__How to complete this task__:
For the records below, output word for word the lines from the one with "Ons team - Lindenholz" up to and including the one with "211 Cap D'agde Lejlighed". No pictures.

__The input__:
Content starts
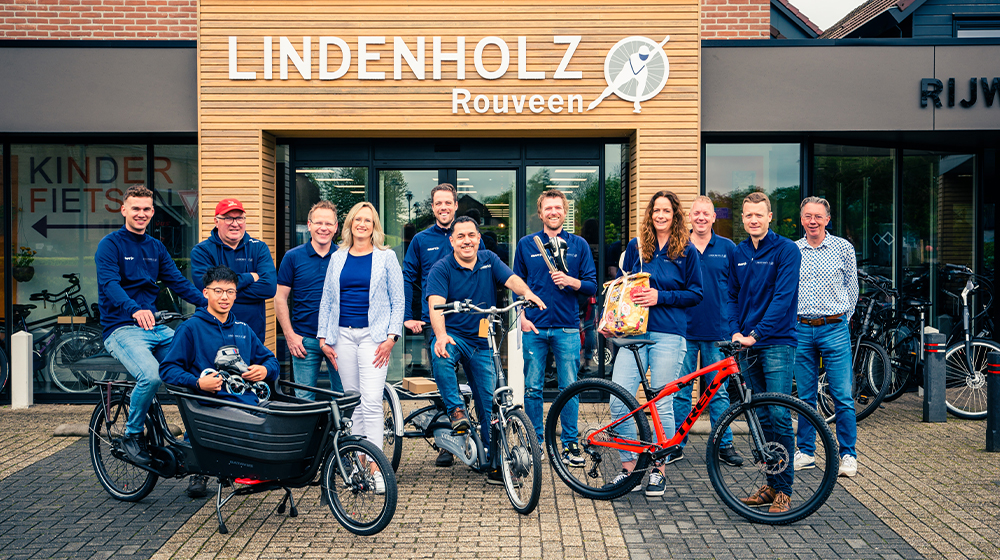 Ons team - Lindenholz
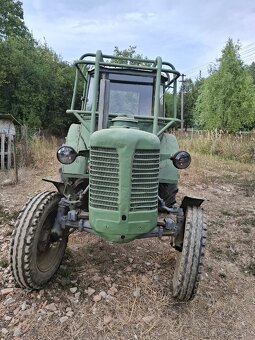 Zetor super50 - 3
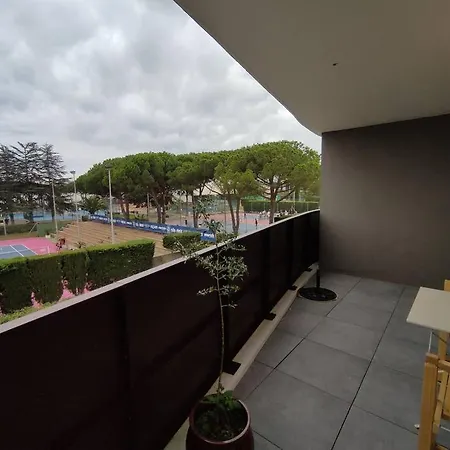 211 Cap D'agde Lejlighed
Content ends
Content starts
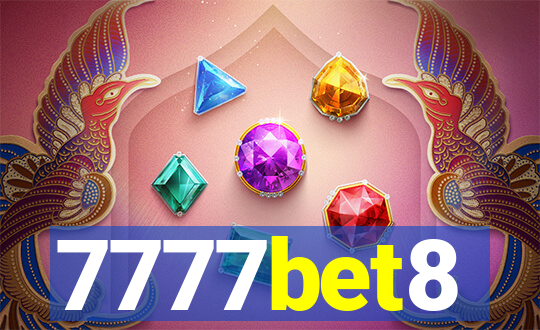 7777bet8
Content ends
Content starts
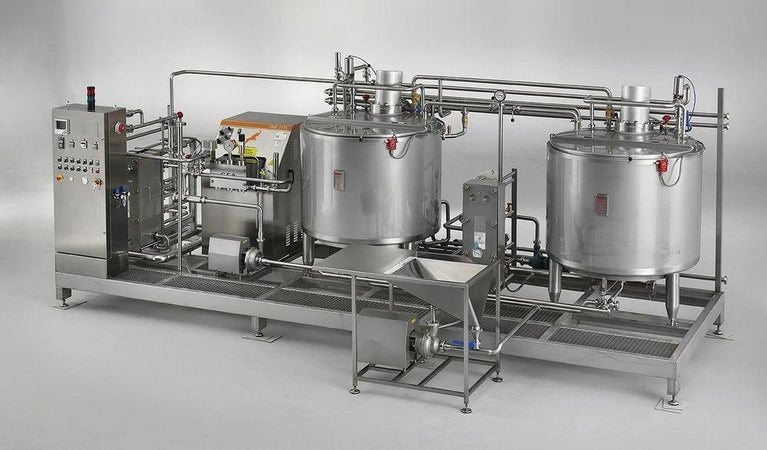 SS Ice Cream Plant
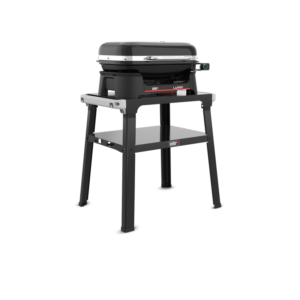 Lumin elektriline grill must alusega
Content ends
__Task result__:
 Ons team - Lindenholz
 Zetor super50 - 3
 211 Cap D'agde Lejlighed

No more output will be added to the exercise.